More Apprentice Inspired Tips for Small Businesses
Week 3 in the Apprentice saw the now familiar buying task. Their job was to buy a specific list of items, negotiating the best price possible. As the tasks have all been designed to challenge the candidates within a genuine business environment and assess their skills in the gritty realism of the corporate world they had access to nothing but a stack of big yellow books (whatever they were), had one day to find all the items, had to deal with high street retailers (as opposed to B2B trade suppliers) and had no prospect of future business to use as a negotiating tool, hmmm no wonder they were excited to get a penny off! This is something I have to contend with on a regular basis: when buying Polo’s (after sourcing my supplier through an ad in the Post Office window) I always tell them in no uncertain terms they are to freshen my breath in advance of a meeting with a very important client and they soon crumble under my Jedi-like negotiation skills.
Those Who Fail to Plan…
In all seriousness though, both teams were a shambles, failing to understand the kind of price they should be expecting to pay, where best to source the products and, in some cases, even what the items were (a ‘closhay’?). I do realise here that I am teaching grandmothers to suck eggs by saying that the most important lesson we can learn, as small businesses, is that you cannot underestimate the importance of planning: find out the list price, research suppliers, make contact to ascertain availability and negotiate on price and THEN go and procure the product – and don’t send your team to the 4 corners of the largest city in the UK and expect them all to split themselves, Harry Potter style, into several pieces in order to get the products and return on time!

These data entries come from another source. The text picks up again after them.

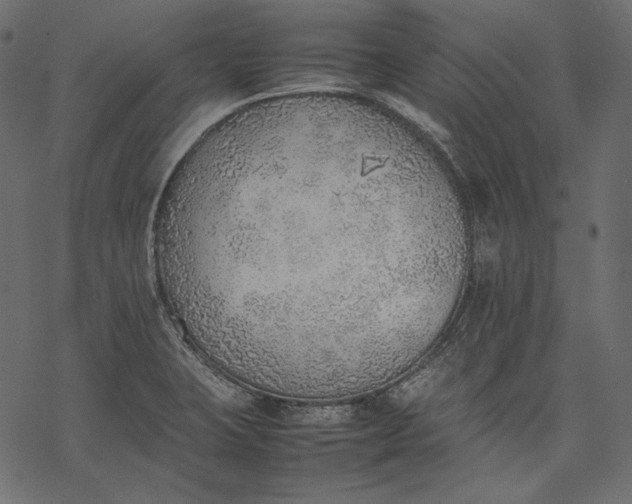 X0000077281423200611031514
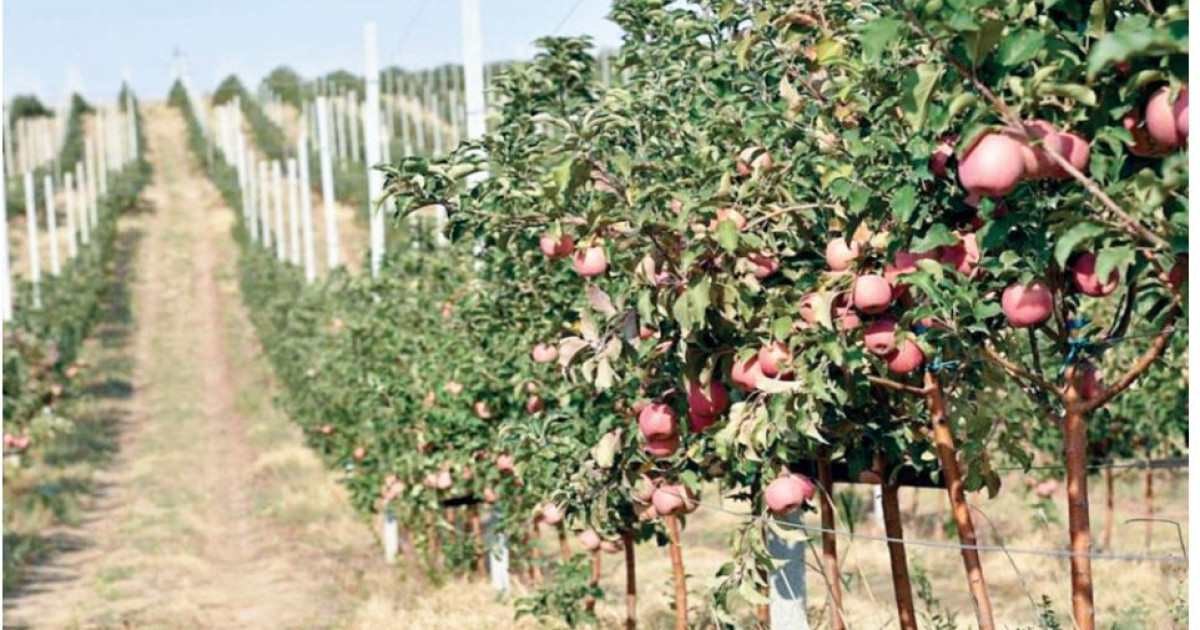 Үдемелі бақ үмітті ақтамады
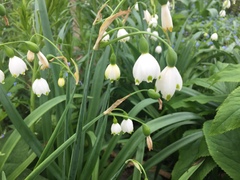 Leucojum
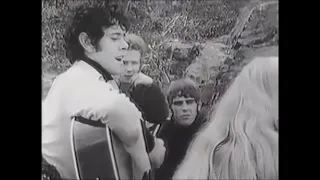 NEW * Catch The Wind - Donovan {Stereo} 1965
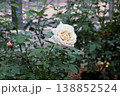 深秋の薄暗い庭に浮かび上がる純白の薔薇 138852524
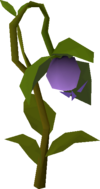 Strange plant.png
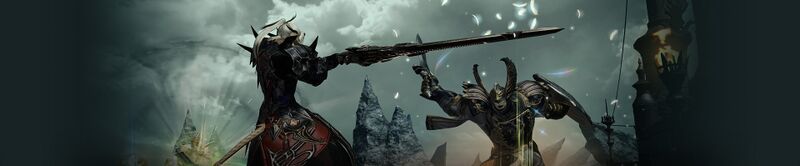 File:PvP Banner.jpg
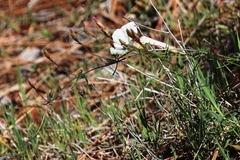 Calystegia stebbinsii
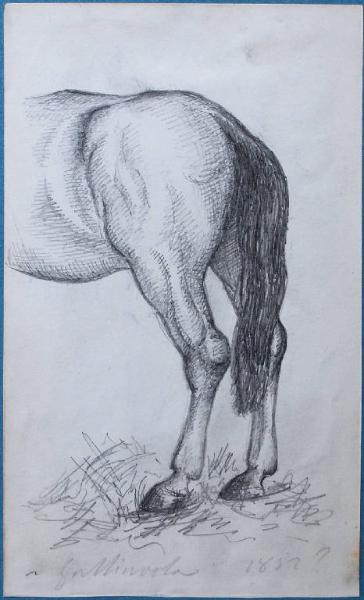 Parte posteriore di un cavallo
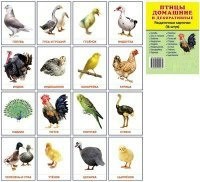 Раздаточные карточки "Птицы домашние и декоративные" - fgospostavki.ru - Хабаровск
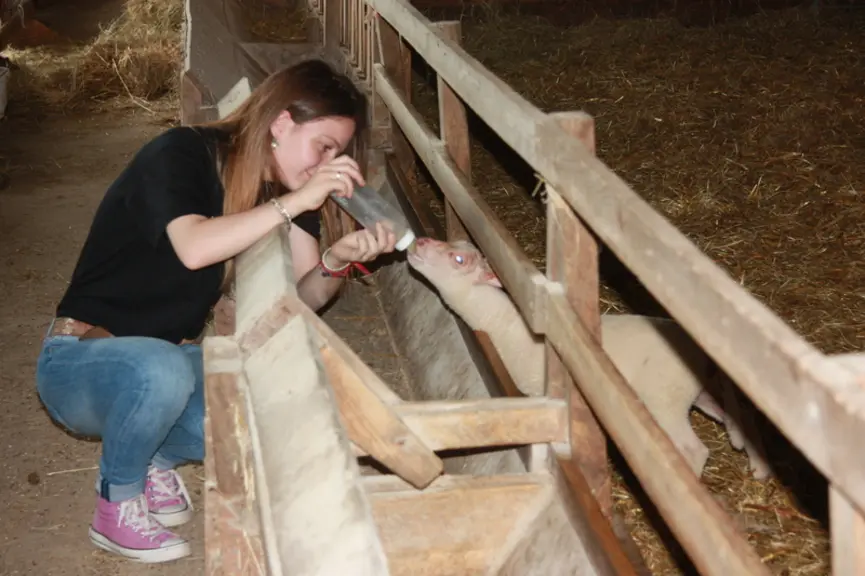 Les visiteurs ont  apprécier de pouvoir découvrir le métier d'éleveur. © M.-A. Batut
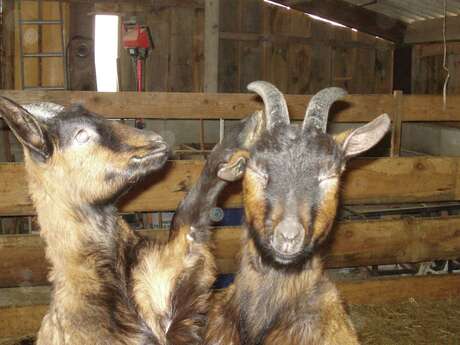 La Ferme des Couderies La Ferme des Couderies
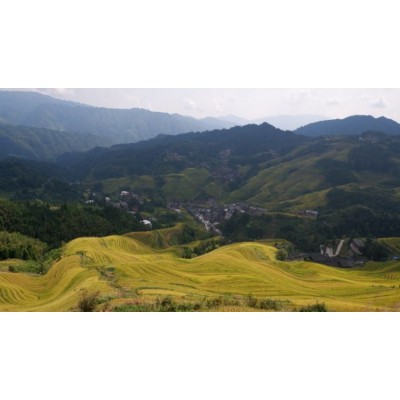 龙脊梯田图3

Effective Use of Resources
Of course we have the advantage of the single source of all knowledge (aka Google), trade status, continuing relationships and not being dimwits, sorry I meant an understanding of the products we are sourcing (and if we don’t we can always pump our Twitter network for info!). It also shows us the importance, as suppliers of products or services, of being able to be found by those with a requirement for them but I’m not going to get side-tracked into search marketing (see my previous blog post on that subject!).
Mind Your P-P-P-Ps
Week 4 (as you’ve gathered I’m playing catch up due to having been away) was to select and sell beauty treatments and products. This task was intended to test their ability to recognise an attractive proposition, their delivery of it and their salesmanship. Both teams failed to capitalise on the significantly higher profit margin of conducting treatments as opposed to selling products and the criteria necessary for their location (footfall, proximity to delivery area and the fact that few people would be happy to be half naked having a massage while someone else is getting some Heidi style plaits sewn into their hair in the corner!). If you look at the age old marketing principle of the 4Ps (price, product, place, promotion) that’s at least 2 Ps (arguably 3) they’ve failed to consider (and price was pre-determined!).
Mix it Up
As small businesses we can make sure we consider all elements of the marketing mix – not only the standard 4 Ps but the wider reaching 7 Ps which includes people, processes and physical evidence. Consideration of all of these essential pieces of the jigsaw will not only help you to make sure you cover all bases but can help you define your competitive advantage.
Favourite quote of the week: Susan to Leon (spray tanning a buff young semi naked man) “It doesn’t make you gay you know”!